Getting fat on the farm--with the government's help--is something sugar farmers do well. Once again they've succeeded in fending off a reduction in a government subsidy program that costs taxpayers $3 billion a year. It's a sweet deal and a telling example of what's wrong with U.S. farm policy.

Congress needs to be practical and make some changes in the 1990 Farm Bill. Reforms are needed to cut, limit or freeze price and income supports on commodities that include cotton, rice, corn, wool and peanuts. The bill would replace the Food Security Act of 1985, which expires in September. The Senate wants to increase subsidies on many commodities. The House is proposing freezing price supports at the 1985 level, and in some cases, wants to cut them.

The Bush Administration is balking at both versions of the proposed $54-billion bill, saying the programs are too costly given current budgetary restraints. Agriculture Secretary Clayton Yeutter has said the President would veto the legislation unless $5 billion is lopped off the Senate version.

So far, however, legislators have resisted moves to wean farmers from government subsidies. On Tuesday, the House and Senate voted down separate amendments that would have reduced the sugar subsidy by 2 cents a pound. Last week, the Senate nixed an attempt to cut back assistance to rich farmers who have annual sales of $500,000.

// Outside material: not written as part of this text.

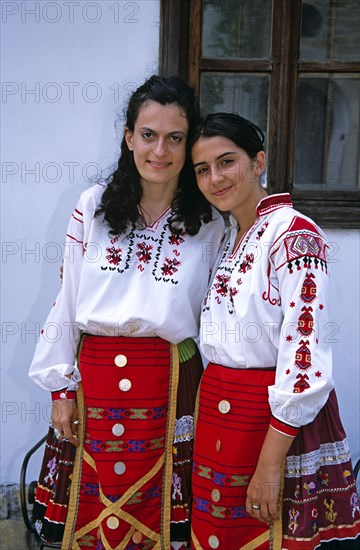 BULGARIA, Veliko Tarnovo, Two girls in national costume.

The House is scheduled to vote today on a similar measure to prohibit income-support payments to farmers who have an annual adjusted gross income of $100,000 a year. The proposal could save as much as $800 million annually. The House also will vote on modifying some subsidies and closing loopholes to limit payments. The amendments face tough opposition.

Advocates of change won a minor victory Tuesday when the Senate agreed to phase out honey price supports over the next four years, but that's not enough. The 1985 farm bill included major changes that helped restore U.S. farms to worldwide competitiveness. Price supports were cut about 10% on most commodity programs, except sugar.

Since then, U.S. agricultural exports have risen to more than $40 billion annually, up from about $30 billion four years ago. Farm income is at record levels. But critics maintain that, despite such progress, more farmers are dependent on government programs, and some--like sugar farmers--survive only with subsidies. In 1989, 82% of all growers of such major crops as wheat, corn and rice collected federal subsidies. Government payments as a percentage of their annual family budget rose to 31.7% in 1988 from 8.1% in 1980.

When the House and Senate meet in conference to come up with the final version of the 1990 Farm Bill, they need to help farmers become more competitive. The House version does that better.